A third option is to skip removal entirely and use statistical methods that aren’t sensitive to outliers. Nonparametric tests, robust regression, and median-based analyses all handle extreme values without requiring you to justify deleting them.

How to Document Outlier Decisions

Whatever you decide, transparency is what separates good practice from questionable practice. The ARRIVE guidelines, widely adopted in experimental research, offer a clear standard: report every exclusion, the reasoning behind it, and whether your exclusion criteria were defined before data collection began. If you used a software tool’s built-in outlier test (like GraphPad Prism’s ROUT method), state that explicitly.

Ideally, your exclusion criteria are set in your analysis plan before you see the data.

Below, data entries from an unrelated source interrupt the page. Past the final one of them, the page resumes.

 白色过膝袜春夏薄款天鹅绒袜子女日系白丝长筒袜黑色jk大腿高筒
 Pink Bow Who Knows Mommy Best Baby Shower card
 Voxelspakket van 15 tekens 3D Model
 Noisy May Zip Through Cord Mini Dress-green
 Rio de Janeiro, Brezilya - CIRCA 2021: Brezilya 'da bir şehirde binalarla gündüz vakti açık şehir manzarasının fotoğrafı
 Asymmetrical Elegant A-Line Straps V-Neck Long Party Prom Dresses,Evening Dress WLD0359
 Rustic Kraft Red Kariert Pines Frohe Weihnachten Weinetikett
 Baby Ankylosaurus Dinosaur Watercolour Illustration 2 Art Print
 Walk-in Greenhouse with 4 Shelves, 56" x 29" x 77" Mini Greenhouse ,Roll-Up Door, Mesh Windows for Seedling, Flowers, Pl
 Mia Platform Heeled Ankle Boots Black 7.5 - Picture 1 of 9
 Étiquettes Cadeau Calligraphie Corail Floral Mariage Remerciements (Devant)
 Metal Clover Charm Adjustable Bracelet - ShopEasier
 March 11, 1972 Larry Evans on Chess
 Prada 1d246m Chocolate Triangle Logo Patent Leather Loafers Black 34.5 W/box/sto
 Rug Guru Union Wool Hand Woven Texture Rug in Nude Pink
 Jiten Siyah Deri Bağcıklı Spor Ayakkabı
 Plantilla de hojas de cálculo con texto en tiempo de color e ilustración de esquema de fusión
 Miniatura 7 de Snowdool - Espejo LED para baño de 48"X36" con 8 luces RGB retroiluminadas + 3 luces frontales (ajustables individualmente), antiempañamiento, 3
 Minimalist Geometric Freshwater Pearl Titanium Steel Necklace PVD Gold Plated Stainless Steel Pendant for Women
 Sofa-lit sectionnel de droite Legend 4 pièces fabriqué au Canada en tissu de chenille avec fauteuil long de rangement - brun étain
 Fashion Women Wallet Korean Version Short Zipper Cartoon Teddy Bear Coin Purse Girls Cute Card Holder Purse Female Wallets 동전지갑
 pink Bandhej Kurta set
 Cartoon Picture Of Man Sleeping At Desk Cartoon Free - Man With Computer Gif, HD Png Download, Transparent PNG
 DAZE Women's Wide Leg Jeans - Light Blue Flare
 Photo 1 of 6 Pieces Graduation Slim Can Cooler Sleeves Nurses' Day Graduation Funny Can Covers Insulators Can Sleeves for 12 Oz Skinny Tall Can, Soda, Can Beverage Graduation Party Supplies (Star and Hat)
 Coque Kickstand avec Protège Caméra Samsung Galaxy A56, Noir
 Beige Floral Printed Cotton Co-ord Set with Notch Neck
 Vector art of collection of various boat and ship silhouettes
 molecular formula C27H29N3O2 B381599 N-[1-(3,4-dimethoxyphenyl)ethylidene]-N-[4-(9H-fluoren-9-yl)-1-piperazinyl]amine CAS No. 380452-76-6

Deciding after the fact which points to drop invites bias, even unintentionally. If you’re working with groups, note whether you were blinded to group assignments when making exclusion decisions. A simple table or flowchart showing how many data points started in each group and how many were excluded (with reasons) gives readers everything they need to evaluate your choices.

The strongest approach is to present your primary analysis with all data included, then show a sensitivity analysis with outliers removed. If your conclusions hold either way, the outlier question becomes moot. If they don’t, that discrepancy is itself an important finding.